This week, Archbishop Fred Hiltz released a statement regarding the bombing of a Church in Egypt. I am thankful that he has, and I have included his statement here, in its entirety.
He calls for religious tolerance. Tolerance means the, “acceptance of the differing views of other people, e.g. in religious or political matters, and fairness toward the people who hold these different views.” It has a second, weaker meaning too, “the act of putting up with somebody or something irritating or otherwise unpleasant.” This second meaning is often what we think of when we use the word, especially when it is applied to the things “I” have to put up with. I rather suspect, knowing Fred and listening for a hoped for tone in his statement, that he is encouraging this primary meaning of acceptance of other people’s views. I think that the word “tolerance” originally meant to “raise” up someone else and their differing point of view. Either way, Fred’s words are a bold statement easily applied to people far away and challengingly applied to ourselves and the people in our neighbourhoods and pews.

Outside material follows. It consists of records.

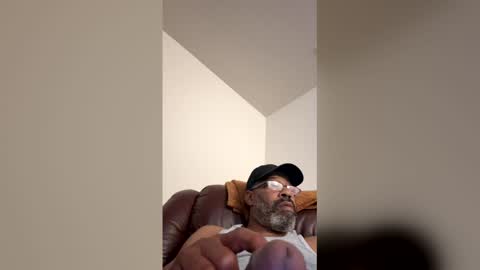 Snapshot of easternjerk chatting on May 24, 9:58 am easternjerk online show from May 24, 9:58 am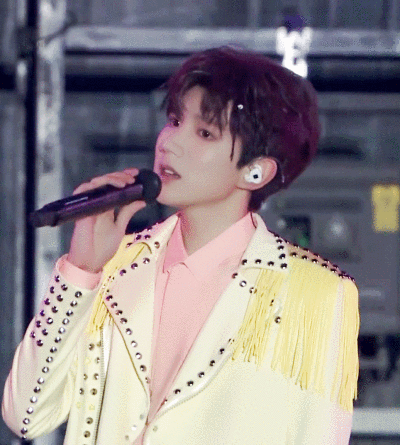 「王源哥哥 tfboys 单人 来源微博 五周年演唱会」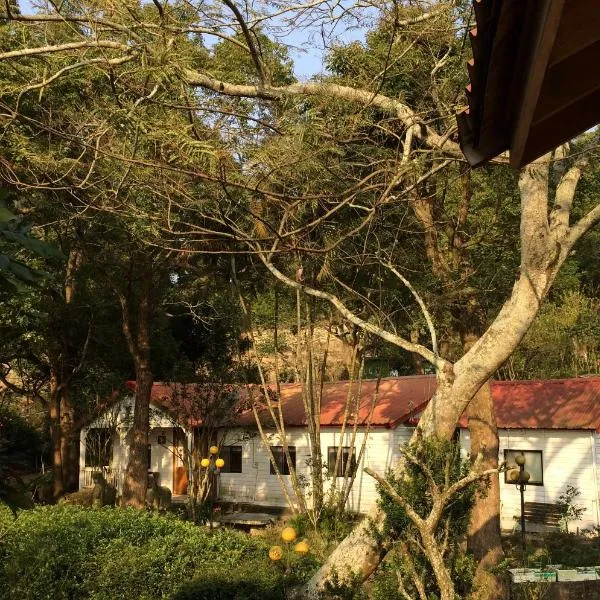 石涛园，位于三义的酒店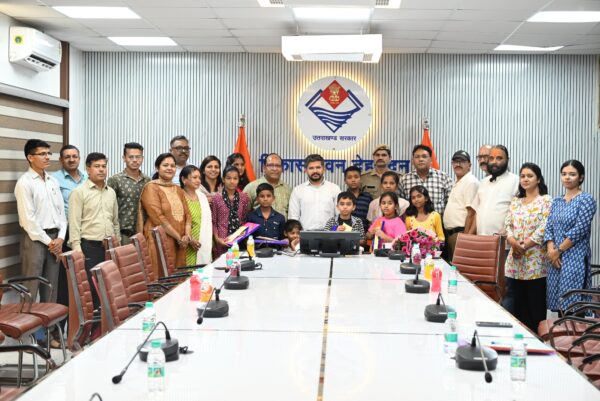 रक्षाबंधन पर बाजार में आकर्षक ईको फ्रेंडली सीड राखियों की धूम, पर्यावरण अनुकूल बीज राखी से तैयार होगी भाई-बहन के अटूट प्रेम की पौध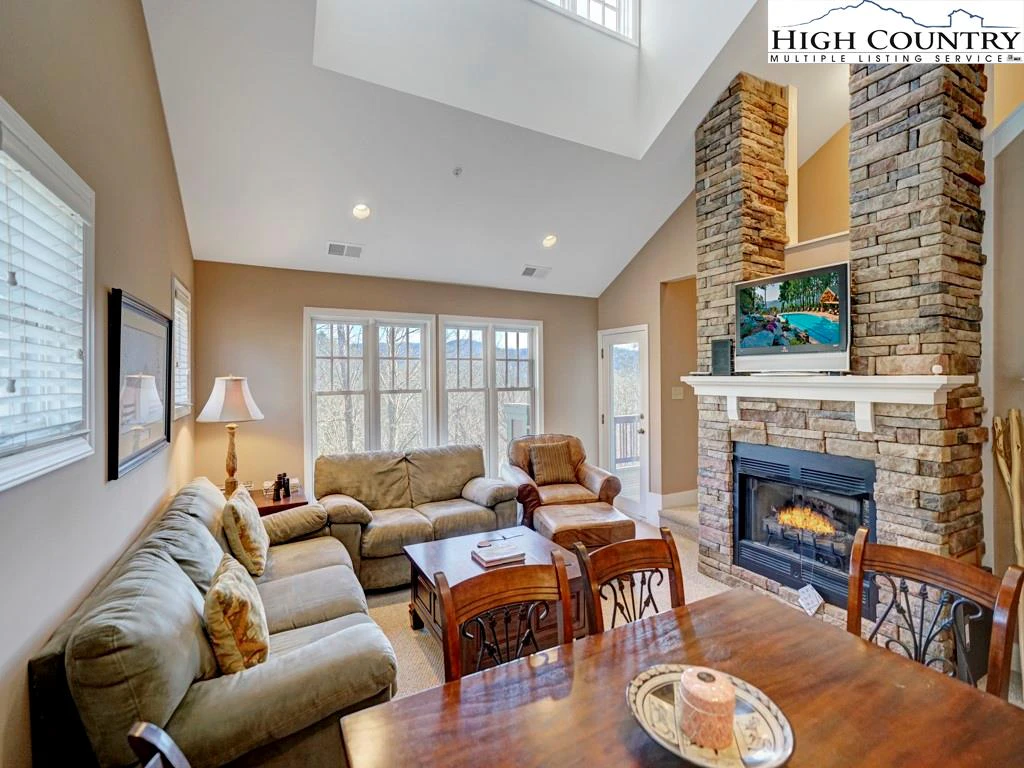 Image number 1 for the current listing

A statement by Archbishop Fred Hiltz, Primate of the Anglican Church of Canada
In the aftermath of the bombing of a Coptic Church in Alexandria, Egypt, as the congregation celebrated Midnight Mass on Jan. 1, I ask your prayers for the 21 people killed, for those injured and for their families in Egypt and abroad.
With leaders of other churches and faith traditions, I deplore this and similar acts of violence and call for religious tolerance and for preservation of the freedom to worship in accord with traditions cherished by the faithful in God.
I make this appeal trusting that at its heart religion is a force for good and for peace in the world.
In this season when we celebrate the birth of the Prince of Peace I ask Canadians to "devote yourselves to prayer," (Colossians 2:2) in steadfast hope for peace, justice and charity throughout the world.